The Newnan Times-Herald


Many rejected voter applicants will be restored

  • By Sarah Fay Campbell
  • |
  • Sep. 29, 2016 - 1:50 AM

Many rejected voter applicants will be restored

The Newnan Times-Herald

In response to a lawsuit filed earlier this month, Georgia Secretary of State Brian Kemp has said that certain Georgians who had their voter-registration applications rejected in 2015 and 2016 will be able to cast ballots in the Nov. 8 presidential and general election.

The announcement applies to people whose registration applications were cancelled because some personal information on the application did not match either driver’s license or Social Security records.

Voters must have proper identification, and those suspected of not being citizens will have to provide proof of citizenship at the polls.

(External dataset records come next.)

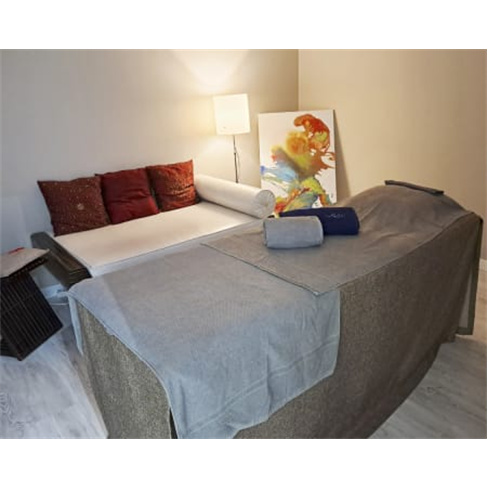 Massagem com Óleo de Vela Aromática no Acqua Lisboa City Spa, Templo dos Deuse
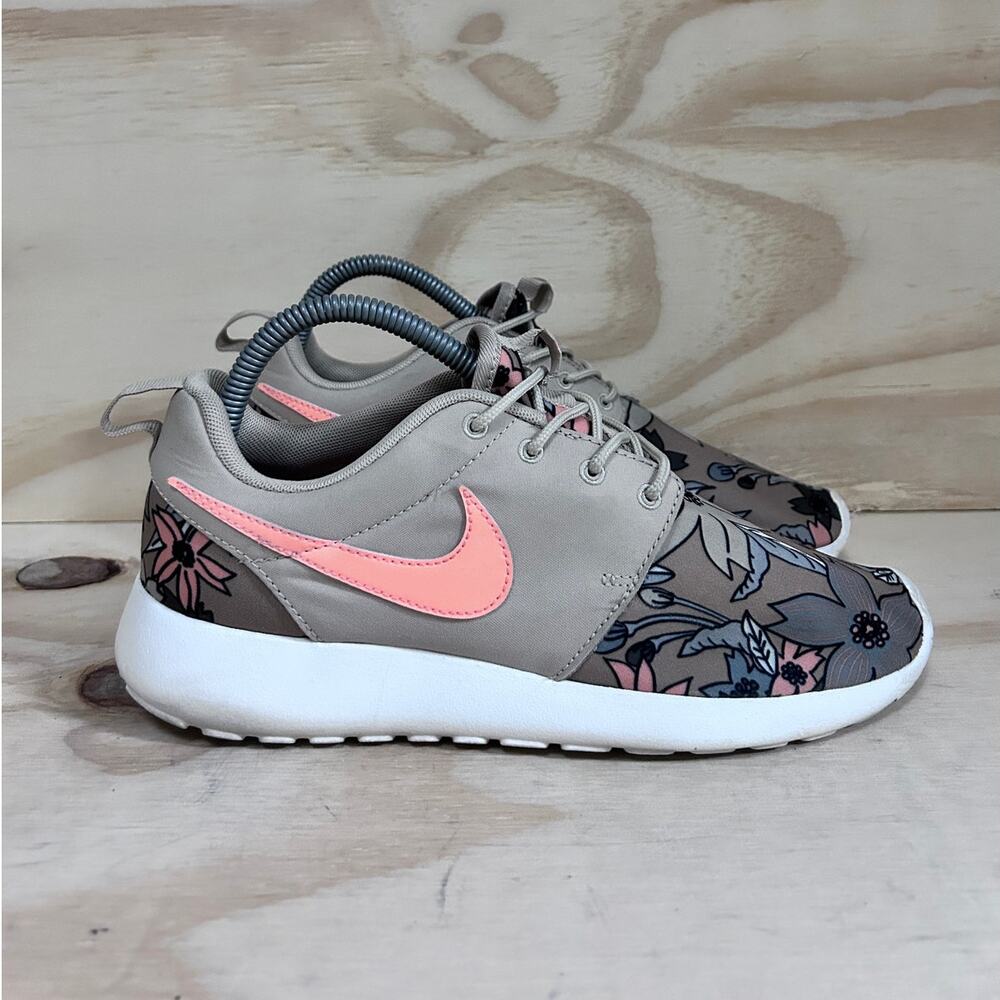 Nike - Roshe One Tropical Floral - Athletic - Beige - Women's - 8 - 749986-281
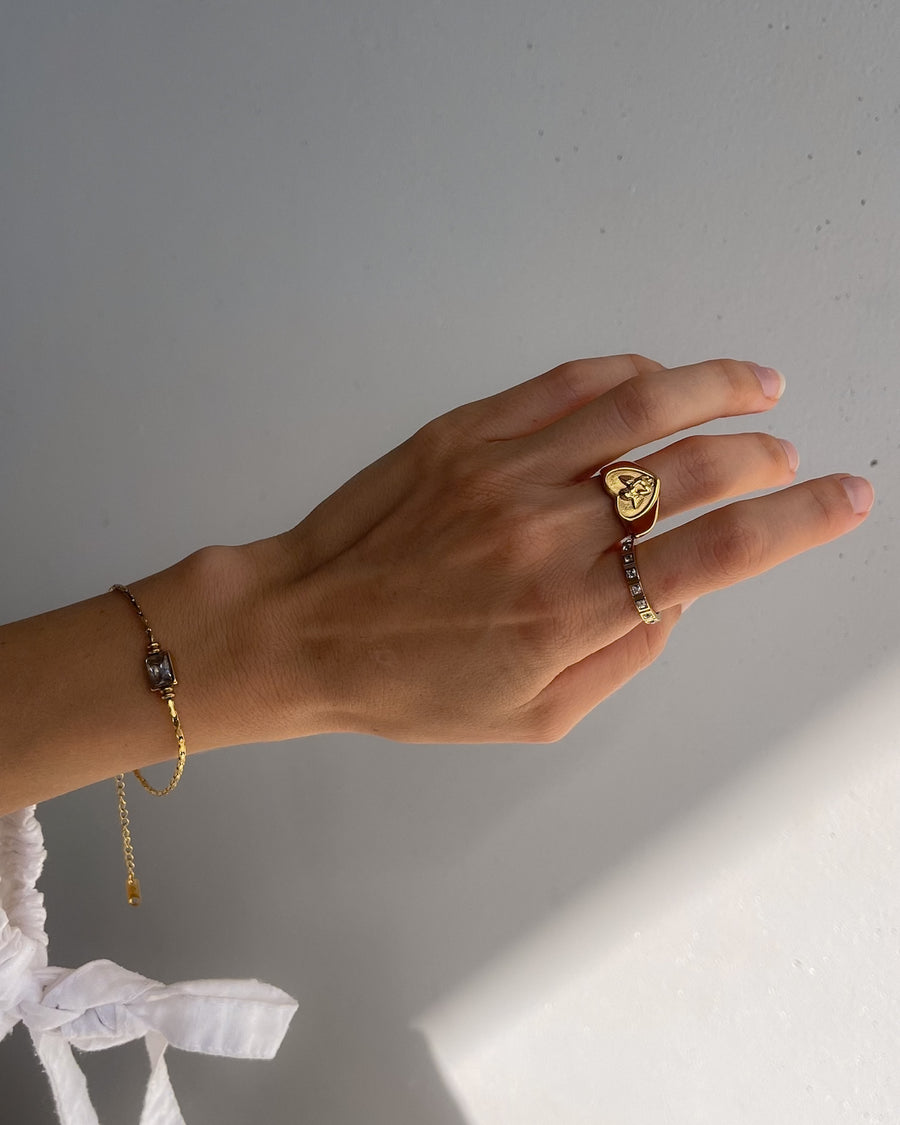 LUMIÈRE SQUARE CUT CRYSTAL BAND RING 18K GOLD - STUDIO JO STORE  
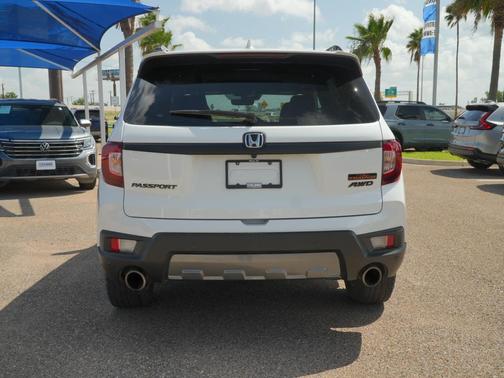 Platinum White Pearl 2023 Honda Passport AWD TrailSport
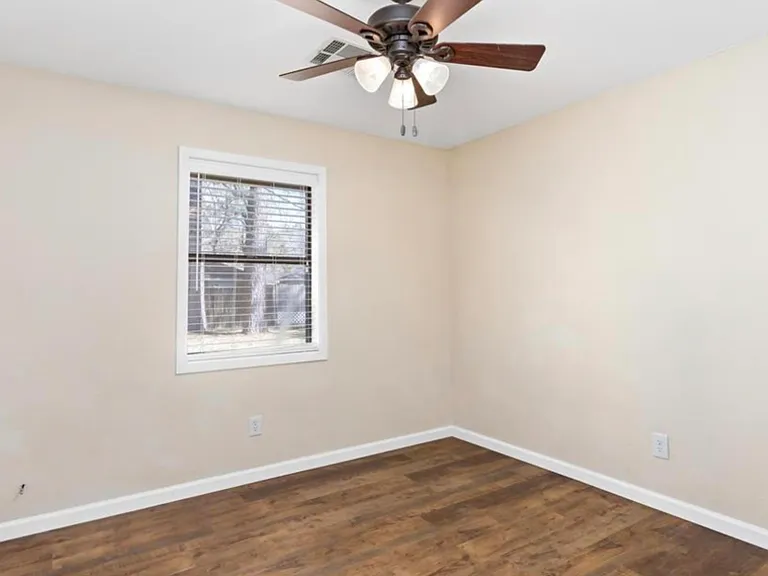 7811 Pecan Ln — Photo 11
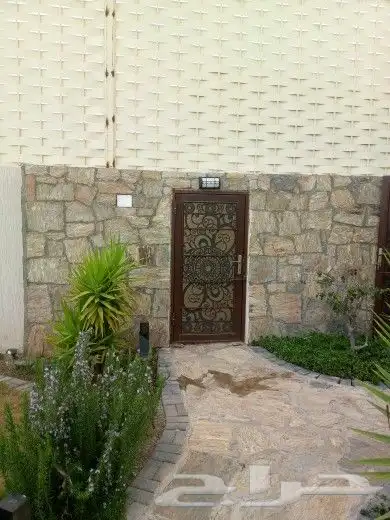 معلم حجر وديكورات اسمنتيه 7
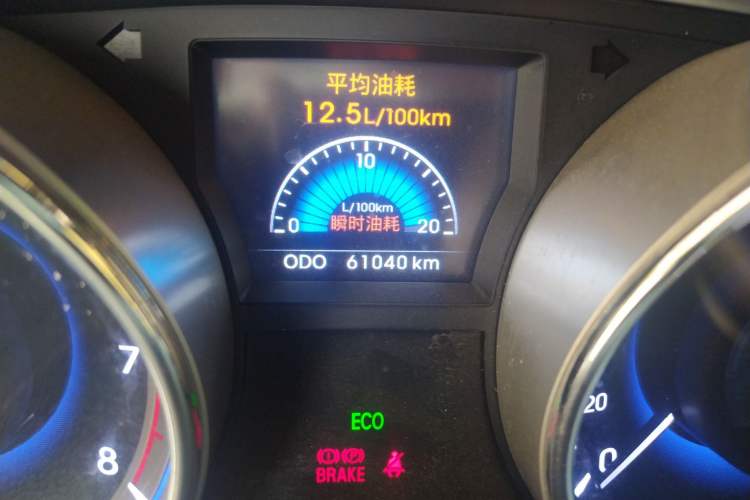 Used Hyundai Sonata 2011 2.0L Automatic Luxury Edition Odometer Close Up
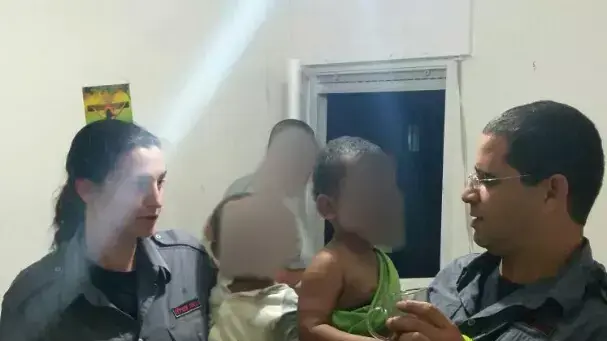 לוחמי האש והשוטרים הצילו שני תינוקות שעמדו על אדן החלון בקומה הרביעית באשקלון. אוקטובר 2015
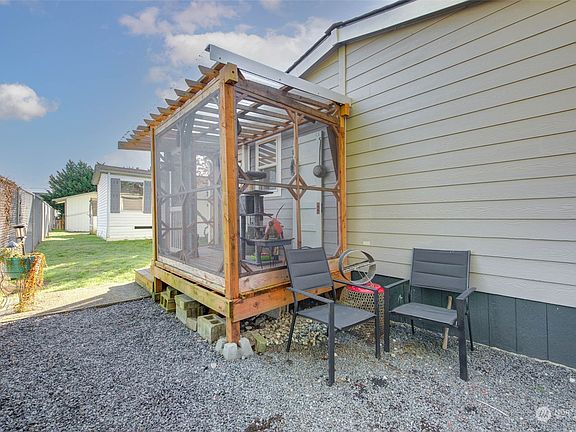 4th image of 19920 NE 67th Avenue #6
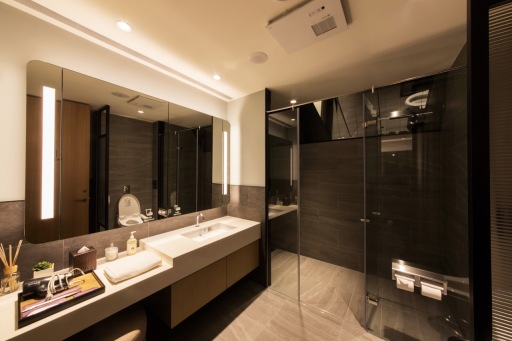 Oriental Club Lounge image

The lawsuit – one of three active suits against Kemp’s office over registration issues – was filed Sept. 14 by the Lawyers’ Committee for Civil Rights Under Law, the Georgia Conference of the National Association for the Advancement of Colored People, Asian Americans Advancing Justice-Atlanta and the Georgia Coalition for the People’s Agenda. The suit is being heard by U.S. District Court Senior Judge William O’Kelley.

Coweta Voter Registrar Joan Hamilton said Thursday that her office has been notified of the secretary of state’s decision.

“We don’t have anything final so far, as far as what we’re going to do or how it is going to be handled,” she said.

Hamilton said she hopes to get instructions from the state by the end of the week.

The voter registration deadline for the Nov. 8 election is Oct. 11. Since early voting starts Oct. 17, Hamilton anticipates that the new changes will need to be completed by then.

When a voter registration application is received, the information is checked against the Georgia Department of Driver’s Services database and the Social Security database. Any mismatch triggers a letter to the registrant. If the registrant doesn’t reply within 40 days, the registration is cancelled.

Typically, the mismatches are minor things, maybe a clerical error or a mistake, according to Hamilton. Sometimes, the voter is a new citizen, and the registration form gets processed before the federal database is updated. Clearing up the problem is typically simple.

“We have a pretty good response,” she said.

But sometimes her office never hears back from the flagged registrants.

“I think people put it on the back burner, thinking it will go away,” she said. “And I don’t think they are quite as ready to give out some information sometimes.”

The suit claims that Georgia’s policy violates the federal Voting Rights Act.

The Associated Press reported that Kemp’s attorneys filed a letter last week with the court saying that his office has stopped marking people as ineligible because of mismatches, and won’t resume the practice without a court decision.

Kristen Clarke of the Lawyers’ Committee said that the parties to the suit are still discussing the status of people who were rejected in 2014.

Another suit, filed in February, challenges the state’s practice of removing voters from the rolls if they haven’t voted in at least eight years. Inactive voters receive several notices in the mail before they are removed, Hamilton said. If a voter has moved, letters go to both the old address and a new address, if the post office has one on file.

“There is a lot of checking before anybody is taken off,” Hamilton said.  “It’s not just all of a sudden they’re not there.”

But it’s up to the voters to “sign the papers and send them back in.”

A federal judge recently ruled that a similar practice is Ohio was illegal.

In July, Project Vote sued the state over Kemp’s refusal to release public records related to rejected voter-registration applications. Last week, U.S. District Court Judge William Duffey ordered Kemp’s office to release the records, according to The AP.